### Available data:
===

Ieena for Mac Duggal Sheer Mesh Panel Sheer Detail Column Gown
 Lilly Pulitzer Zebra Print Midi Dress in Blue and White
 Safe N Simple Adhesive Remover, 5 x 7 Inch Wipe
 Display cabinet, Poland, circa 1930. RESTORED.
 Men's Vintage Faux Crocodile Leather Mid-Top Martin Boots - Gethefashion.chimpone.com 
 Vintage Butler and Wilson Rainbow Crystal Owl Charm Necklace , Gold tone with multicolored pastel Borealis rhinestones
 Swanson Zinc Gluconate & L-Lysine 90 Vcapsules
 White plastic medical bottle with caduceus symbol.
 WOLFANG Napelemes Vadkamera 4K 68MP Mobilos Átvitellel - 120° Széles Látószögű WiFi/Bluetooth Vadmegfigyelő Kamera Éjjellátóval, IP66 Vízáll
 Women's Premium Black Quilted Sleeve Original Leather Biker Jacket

===

Write out, exactly as they appear, the lines from the one containing "Safe N Simple" through the last line of the records above, both included, and nothing more.

### Output of the task:
 Safe N Simple Adhesive Remover, 5 x 7 Inch Wipe
 Display cabinet, Poland, circa 1930. RESTORED.
 Men's Vintage Faux Crocodile Leather Mid-Top Martin Boots - Gethefashion.chimpone.com 
 Vintage Butler and Wilson Rainbow Crystal Owl Charm Necklace , Gold tone with multicolored pastel Borealis rhinestones
 Swanson Zinc Gluconate & L-Lysine 90 Vcapsules
 White plastic medical bottle with caduceus symbol.
 WOLFANG Napelemes Vadkamera 4K 68MP Mobilos Átvitellel - 120° Széles Látószögű WiFi/Bluetooth Vadmegfigyelő Kamera Éjjellátóval, IP66 Vízáll
 Women's Premium Black Quilted Sleeve Original Leather Biker Jacket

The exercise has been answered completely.